Ben Boulware is one of those players who inevitably gets a cult following on a football team for being the scrappy, lunchpail, gym rat, etc. type of player without actually being very good (See: Kuhn, John). Boulware is a solid college player and was obviously an emotional leader on a very successful Clemson defense. However, he is just not an NFL level athlete or have NFL size, so his future in the league is likely going to be that of a special teamer, albeit a pretty damn good one.

Cornerback: Marlon Humphrey, Alabama and Quincy Wilson, Florida

Marlon Humphrey is a very fun player to watch. He is a well built, super athletic cornerback who hits like a truck. I get it. However, he is very raw in coverage and has issues turning and finding the ball in man coverage. Humphrey has high upside, but in a deep cornerback class it is hard to say he is among the top three best.

Quincy Wilson is getting some love as being the best cornerback in this class. While it is certainly easy to fall for a 6'1", 211 pound cornerback with good on tape athletic ability, it is hard to love how physical Wilson is not. Wilson, despite his size, is a legitimate liability as a tackler. While tackling is secondary for cornerbacks, with Wilson it is so bad that he hurts the whole defensive unit as a result because he will not threaten outside runs to his side nor will he immediately limit yards after catch. Wilson is a fine prospect overall, but it is important to be nit-picky when the talent at the cornerback position is so good overall.

Safety: Malik Hooker, Ohio State and Jamaal Adams, LSU

I am sure there will be well measured reactions to this but hear me out. Malik Hooker is a very good player. He has awesome size, athleticism and ball skills. His newness to the position (former basketball player) and production right off the bat is a positive testament to him. However, he is very, very raw and also a bad run defender. While Hooker is certainly a first round player, an inconsistent and raw safety should never be compared to Ed Reed coming out of college. Frankly we should generally move away from trying to compare every first round prospect to a future Hall of Famer.

Jamaal Adams is also a very good player and one that I mocked as being a top ten pick in this class. However, there are some folks no discussing whether or not he should be a top five pick and that is ridiculous. Honestly, is Jamaal Adams that much better of a player than Keanu Neal was coming out? Sure, Neal is a hell of a player and Adams will be too, but should a team be drafting a strong safety top five in a draft? Seems a bit preposterous. This is not really about Adams the player, but more about how much people are overvaluing his position.

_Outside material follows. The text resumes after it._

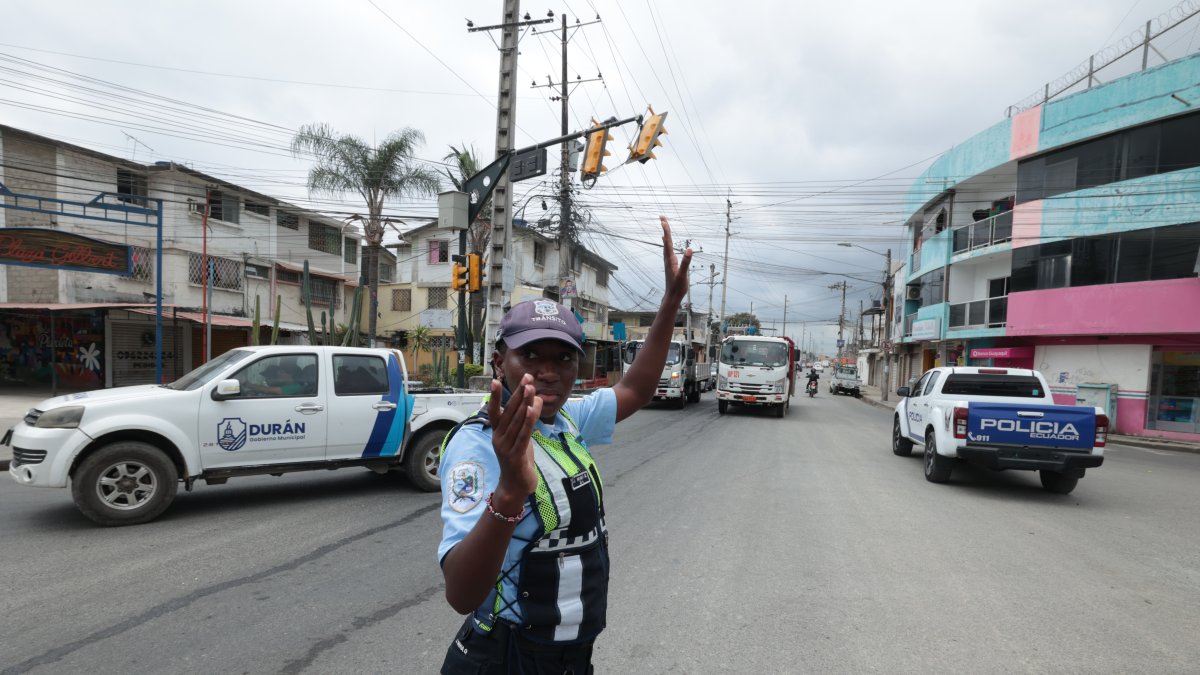 Durán. El pasado 8 de julio, los agentes de la ATD estuvieron más visibles en las calles, mientras la policía realizaba recorridos.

While this is bound to get folks riled up, realize that everyone on here is good at football and I am not saying they're not. It is just tempering the hype while some folks lose their mind and compare every potential top pick to a perennial All Pro, Hall of Famer, Avenger or Greek God. The overhype not only becomes tiresome, but it puts unfair expectations on a lot of these players to perform immediately at a super high level when they simply cannot.